Program makan bergizi gratis (MBG) untuk pelajar di seluruh
Indonesia akan dimulai. Peluang ini tentunya
banyak diintip para pengusaha catering yang bergabung dalam Asosiasi Industri UMKM Indonesia (Akumandiri).
para siswa SD sedang menikmati makan bergizi gratis
Meski demikian, jangan pikir persyaratannya mudah. Malah ketua Akumandiri, Hermawati Setyorini menilai, hanya pengusaha yang mau bunuh diri yang terlibat dalam program itu.
Pasalnya, persyaratannya sangat berat dan rumit. Tak hanya soal persyaratan, pengusaha mikro juga harus merogoh dan menyiapkan uang lebih banyak hingga miliaran rupiah. Betapa tidak, calon mitra diharuskan menyiapkan deposit Rp300 juta kepada Badan Gizi Nasional jika mau diterima.
Hermawati menilai persyaratan itu sangat tidak mudah untuk bisa dipenuhi oleh pengusaha mikro, kalaupun ada yang berhasil menjadi mitra, maka itu tak lebih dari pemaksaan terhadap kemampuan dirinya.
Syarat berikutnya, harus memiliki dapur seluas 20 x 20 meter persegi.
“Kalau UMKM yang mikro itu atau pelaku usaha mikro itu rumahnya saja enggak sampai seluas itu, iya kan,” kata Hermawati, Jumat, 17 Januari 2024.
Kemudian, yang dirasa sangat sulit bagi pengusaha mikro adalah perkara pembiayaan dalam memproduksi makanan setiap harinya setelah ditetapkan sebagai mitra program MBG.
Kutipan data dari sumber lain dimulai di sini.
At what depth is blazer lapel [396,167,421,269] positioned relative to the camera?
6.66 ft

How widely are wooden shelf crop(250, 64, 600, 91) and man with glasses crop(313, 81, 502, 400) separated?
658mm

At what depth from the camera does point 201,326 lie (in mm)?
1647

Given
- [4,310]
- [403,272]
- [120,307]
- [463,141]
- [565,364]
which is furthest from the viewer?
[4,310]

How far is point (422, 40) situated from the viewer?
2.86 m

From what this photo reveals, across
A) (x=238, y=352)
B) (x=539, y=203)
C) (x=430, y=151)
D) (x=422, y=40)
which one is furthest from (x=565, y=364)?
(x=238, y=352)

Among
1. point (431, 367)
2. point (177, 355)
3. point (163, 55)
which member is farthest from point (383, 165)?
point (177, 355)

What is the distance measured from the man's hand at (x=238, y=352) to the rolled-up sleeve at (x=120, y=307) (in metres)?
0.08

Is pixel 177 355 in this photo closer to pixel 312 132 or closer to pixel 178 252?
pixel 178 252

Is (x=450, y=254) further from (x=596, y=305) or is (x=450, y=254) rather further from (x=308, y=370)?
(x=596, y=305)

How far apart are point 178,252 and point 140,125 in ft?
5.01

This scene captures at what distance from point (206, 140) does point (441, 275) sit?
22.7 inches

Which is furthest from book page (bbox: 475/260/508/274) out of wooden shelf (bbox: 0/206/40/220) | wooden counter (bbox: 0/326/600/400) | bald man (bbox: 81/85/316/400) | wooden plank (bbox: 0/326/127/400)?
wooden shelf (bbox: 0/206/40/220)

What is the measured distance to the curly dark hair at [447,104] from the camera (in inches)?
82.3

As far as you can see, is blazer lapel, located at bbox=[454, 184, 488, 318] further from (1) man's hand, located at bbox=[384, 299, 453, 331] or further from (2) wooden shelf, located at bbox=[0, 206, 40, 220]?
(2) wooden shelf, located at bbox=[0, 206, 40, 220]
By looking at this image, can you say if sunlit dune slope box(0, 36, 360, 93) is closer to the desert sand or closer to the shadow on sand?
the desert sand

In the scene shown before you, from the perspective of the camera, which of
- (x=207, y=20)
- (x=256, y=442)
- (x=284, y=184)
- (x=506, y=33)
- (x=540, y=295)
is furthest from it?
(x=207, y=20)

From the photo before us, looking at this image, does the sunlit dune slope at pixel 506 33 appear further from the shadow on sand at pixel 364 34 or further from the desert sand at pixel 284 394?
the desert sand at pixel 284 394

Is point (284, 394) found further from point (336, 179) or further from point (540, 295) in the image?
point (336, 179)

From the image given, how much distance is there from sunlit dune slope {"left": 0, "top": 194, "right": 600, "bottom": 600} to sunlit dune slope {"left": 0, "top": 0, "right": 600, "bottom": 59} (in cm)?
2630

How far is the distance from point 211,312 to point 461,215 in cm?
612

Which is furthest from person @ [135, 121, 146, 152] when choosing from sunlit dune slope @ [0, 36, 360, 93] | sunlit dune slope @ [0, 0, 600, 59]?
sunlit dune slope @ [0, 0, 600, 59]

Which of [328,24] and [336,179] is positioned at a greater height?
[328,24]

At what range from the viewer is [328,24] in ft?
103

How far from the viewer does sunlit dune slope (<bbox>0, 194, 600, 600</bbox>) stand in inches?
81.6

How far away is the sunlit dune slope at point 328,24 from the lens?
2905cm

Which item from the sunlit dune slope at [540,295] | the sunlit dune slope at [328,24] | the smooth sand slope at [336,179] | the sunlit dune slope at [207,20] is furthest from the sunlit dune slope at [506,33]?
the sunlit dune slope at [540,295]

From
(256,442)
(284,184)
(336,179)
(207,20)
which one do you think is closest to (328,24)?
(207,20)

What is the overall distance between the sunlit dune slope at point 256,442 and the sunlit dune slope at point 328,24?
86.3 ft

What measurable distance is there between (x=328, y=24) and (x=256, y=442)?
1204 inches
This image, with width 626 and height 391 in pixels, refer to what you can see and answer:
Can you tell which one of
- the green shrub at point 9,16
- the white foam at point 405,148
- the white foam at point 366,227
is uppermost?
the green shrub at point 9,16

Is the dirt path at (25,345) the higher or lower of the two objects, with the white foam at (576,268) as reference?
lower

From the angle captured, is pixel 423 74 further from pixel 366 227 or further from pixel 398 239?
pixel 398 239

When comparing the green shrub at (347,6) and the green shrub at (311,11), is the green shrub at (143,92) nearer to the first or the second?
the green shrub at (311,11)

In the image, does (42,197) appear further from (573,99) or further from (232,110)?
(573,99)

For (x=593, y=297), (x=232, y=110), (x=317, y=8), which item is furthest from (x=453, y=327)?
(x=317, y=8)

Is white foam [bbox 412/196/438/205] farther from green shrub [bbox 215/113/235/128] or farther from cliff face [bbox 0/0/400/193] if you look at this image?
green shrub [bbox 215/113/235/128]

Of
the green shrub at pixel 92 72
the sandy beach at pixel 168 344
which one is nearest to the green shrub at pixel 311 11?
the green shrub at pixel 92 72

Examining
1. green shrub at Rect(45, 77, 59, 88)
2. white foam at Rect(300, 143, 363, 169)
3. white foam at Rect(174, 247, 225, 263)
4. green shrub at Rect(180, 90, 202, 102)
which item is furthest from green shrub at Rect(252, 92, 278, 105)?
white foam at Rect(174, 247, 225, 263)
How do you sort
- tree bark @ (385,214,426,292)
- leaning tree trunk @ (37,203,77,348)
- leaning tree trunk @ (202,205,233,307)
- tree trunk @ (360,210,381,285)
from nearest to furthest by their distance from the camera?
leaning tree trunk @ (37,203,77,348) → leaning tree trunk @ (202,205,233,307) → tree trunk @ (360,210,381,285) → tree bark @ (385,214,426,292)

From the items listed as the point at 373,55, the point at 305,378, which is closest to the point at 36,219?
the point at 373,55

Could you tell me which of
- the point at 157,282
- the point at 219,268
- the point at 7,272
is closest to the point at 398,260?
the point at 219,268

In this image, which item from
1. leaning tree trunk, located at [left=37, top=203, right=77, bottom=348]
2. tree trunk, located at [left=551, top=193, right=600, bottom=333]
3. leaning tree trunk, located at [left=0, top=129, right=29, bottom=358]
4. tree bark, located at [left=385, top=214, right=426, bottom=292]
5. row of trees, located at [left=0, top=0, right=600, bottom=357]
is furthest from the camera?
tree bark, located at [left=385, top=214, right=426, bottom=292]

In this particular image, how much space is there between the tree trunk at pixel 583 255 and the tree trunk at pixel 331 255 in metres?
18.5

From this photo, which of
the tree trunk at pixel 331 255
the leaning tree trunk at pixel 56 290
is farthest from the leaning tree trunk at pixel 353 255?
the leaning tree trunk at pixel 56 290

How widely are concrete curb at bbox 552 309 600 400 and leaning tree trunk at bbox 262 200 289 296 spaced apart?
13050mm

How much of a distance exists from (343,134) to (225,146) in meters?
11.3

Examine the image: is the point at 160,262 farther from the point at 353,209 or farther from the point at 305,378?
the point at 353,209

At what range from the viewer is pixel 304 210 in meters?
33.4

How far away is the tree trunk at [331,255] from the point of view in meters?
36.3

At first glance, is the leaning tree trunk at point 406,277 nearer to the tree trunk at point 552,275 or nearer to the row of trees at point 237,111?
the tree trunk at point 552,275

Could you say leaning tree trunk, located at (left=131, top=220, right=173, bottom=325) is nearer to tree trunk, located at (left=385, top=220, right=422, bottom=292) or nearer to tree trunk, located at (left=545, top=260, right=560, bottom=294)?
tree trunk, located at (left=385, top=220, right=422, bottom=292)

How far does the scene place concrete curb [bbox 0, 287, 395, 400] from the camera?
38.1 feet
Mereka harus membiayai produksi dengan menggunakan uangnya sendiri terlebih dahulu, karena pemerintah tidak membayar di muka. Pemerintah menganggarkan satu porsi makanan sebesar Rp10 ribu, sementara setiap dapur ditargetkan memproduksi 3.000 hingga 3.500 porsi setiap harinya.
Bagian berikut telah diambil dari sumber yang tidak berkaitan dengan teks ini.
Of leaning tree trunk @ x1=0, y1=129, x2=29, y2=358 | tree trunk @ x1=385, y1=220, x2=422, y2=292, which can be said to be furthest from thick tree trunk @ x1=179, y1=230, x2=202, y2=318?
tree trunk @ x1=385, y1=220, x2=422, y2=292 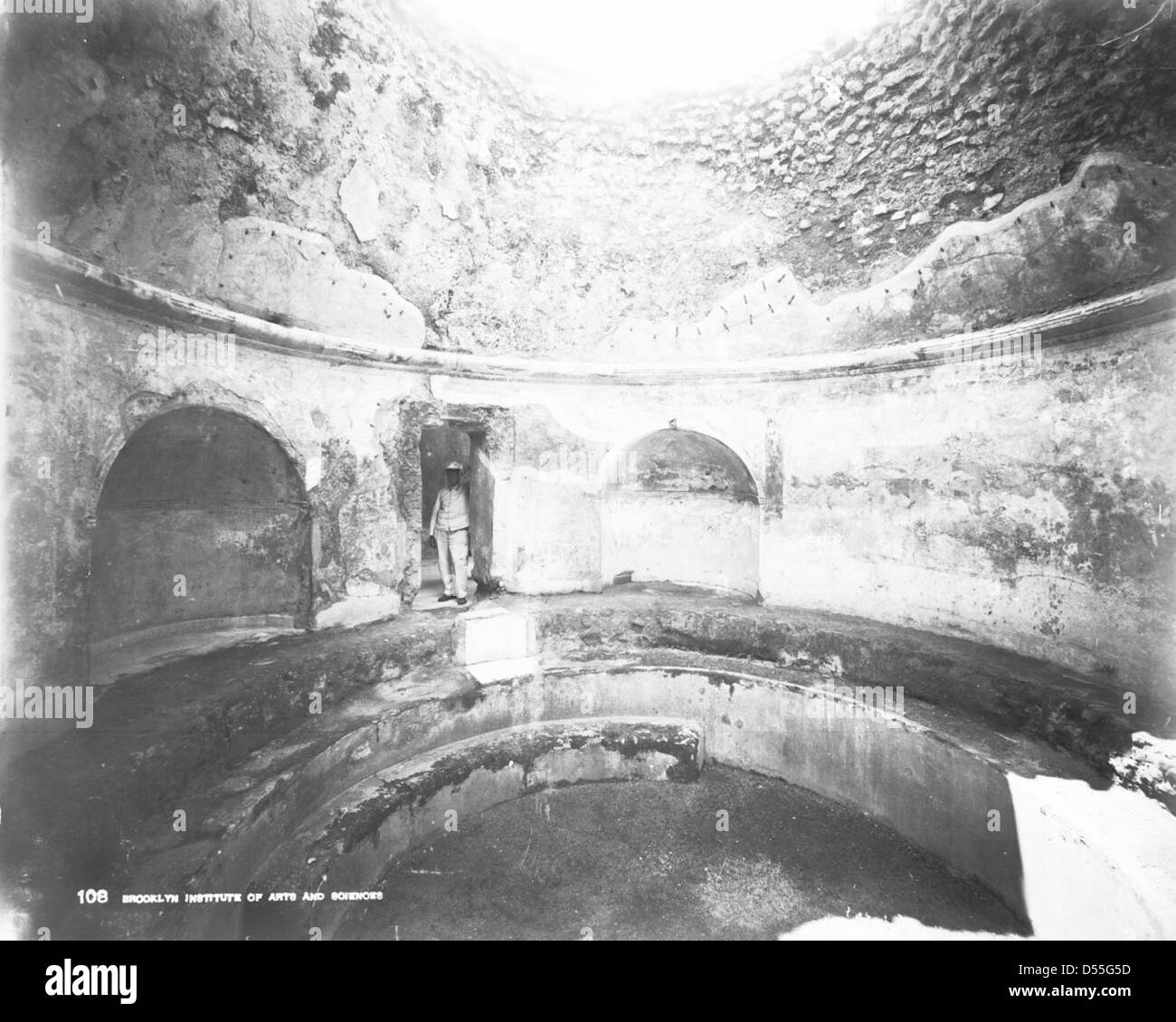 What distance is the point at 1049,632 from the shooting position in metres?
4.98

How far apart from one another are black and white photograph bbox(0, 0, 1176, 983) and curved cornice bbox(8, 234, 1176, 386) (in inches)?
1.7

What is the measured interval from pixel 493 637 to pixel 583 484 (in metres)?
2.30

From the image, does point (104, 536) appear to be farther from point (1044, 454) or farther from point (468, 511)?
point (1044, 454)

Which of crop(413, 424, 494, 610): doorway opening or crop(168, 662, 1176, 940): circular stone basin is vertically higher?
crop(413, 424, 494, 610): doorway opening

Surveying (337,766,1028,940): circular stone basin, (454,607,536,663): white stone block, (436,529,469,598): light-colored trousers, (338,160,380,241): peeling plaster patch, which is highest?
(338,160,380,241): peeling plaster patch

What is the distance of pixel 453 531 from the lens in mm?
6938

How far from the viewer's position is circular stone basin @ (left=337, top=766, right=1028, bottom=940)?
11.6 feet

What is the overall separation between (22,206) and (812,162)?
662 centimetres

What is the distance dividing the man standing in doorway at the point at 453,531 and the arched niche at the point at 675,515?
6.17ft

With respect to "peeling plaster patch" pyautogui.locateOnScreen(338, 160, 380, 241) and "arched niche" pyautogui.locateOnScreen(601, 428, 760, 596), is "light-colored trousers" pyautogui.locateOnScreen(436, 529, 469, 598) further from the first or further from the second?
"peeling plaster patch" pyautogui.locateOnScreen(338, 160, 380, 241)

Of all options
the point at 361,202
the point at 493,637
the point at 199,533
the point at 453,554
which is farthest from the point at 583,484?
the point at 199,533

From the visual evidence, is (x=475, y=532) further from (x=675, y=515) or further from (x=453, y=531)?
(x=675, y=515)

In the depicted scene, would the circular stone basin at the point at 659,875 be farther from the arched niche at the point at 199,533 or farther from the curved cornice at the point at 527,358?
the curved cornice at the point at 527,358

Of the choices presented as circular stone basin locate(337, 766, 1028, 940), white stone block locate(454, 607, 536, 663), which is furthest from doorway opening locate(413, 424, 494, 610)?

Hitunglah, dalam sehari mereka mengeluarkan Rp40 juta untuk belanja bahan mentah, ongkos tim teknis dan pengelola dapur, dan sebagainya. Rp40 juta x 26 hari dalam sebulan, maka hasilnya Rp1.040. 000.000 (satu miliar empat puluh juta rupiah).
Uang sebesar itulah yang harus dikeluarkan oleh pelaku UMKM dengan menggunakan uang pribadinya terlebih dahulu.
Pemerintah belum secara pasti mengungkapkan kapan jadwal pembayarannya, apakah akan dibayar mingguan, satu bulanan atau tiga bulanan. Itu hanya ongkos produksi, belum lagi dengan biaya pengadaan dapur dan semua alat masaknya, ompreng makan, dua mobil pendistribusian makanan, dan lainnya.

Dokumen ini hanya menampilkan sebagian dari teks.